◆ **Your objective**
Starting at the line holding "Juegos Mundiales de" and finishing at the line holding "Preview: ADIDAS SQUA25 JSY W - BLACK/WHITE", transcribe the material exactly, keeping both ends but no pictures.

◆ **Supplied material**
-------

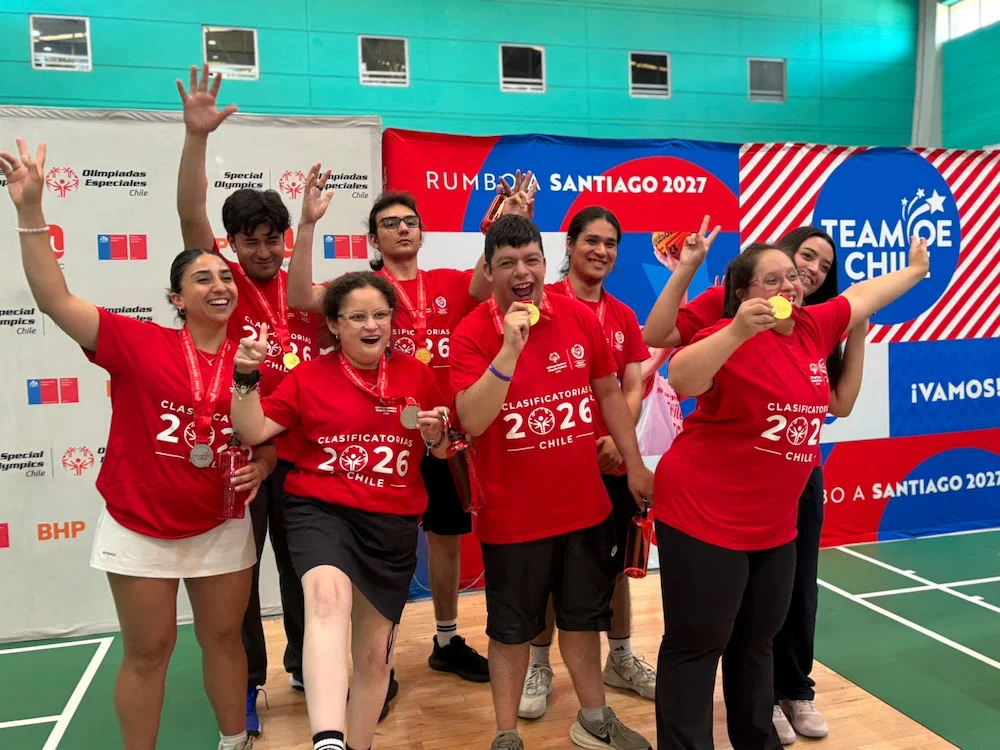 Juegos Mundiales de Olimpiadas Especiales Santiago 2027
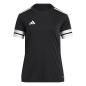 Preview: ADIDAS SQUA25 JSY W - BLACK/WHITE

-------

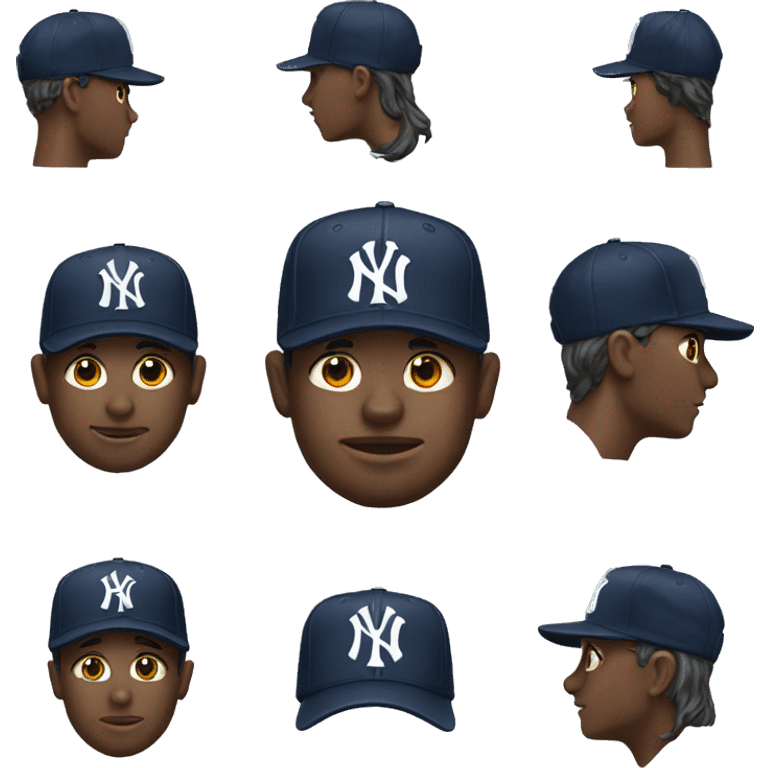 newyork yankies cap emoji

-------

◆ **Answer area**
 Juegos Mundiales de Olimpiadas Especiales Santiago 2027
 Preview: ADIDAS SQUA25 JSY W - BLACK/WHITE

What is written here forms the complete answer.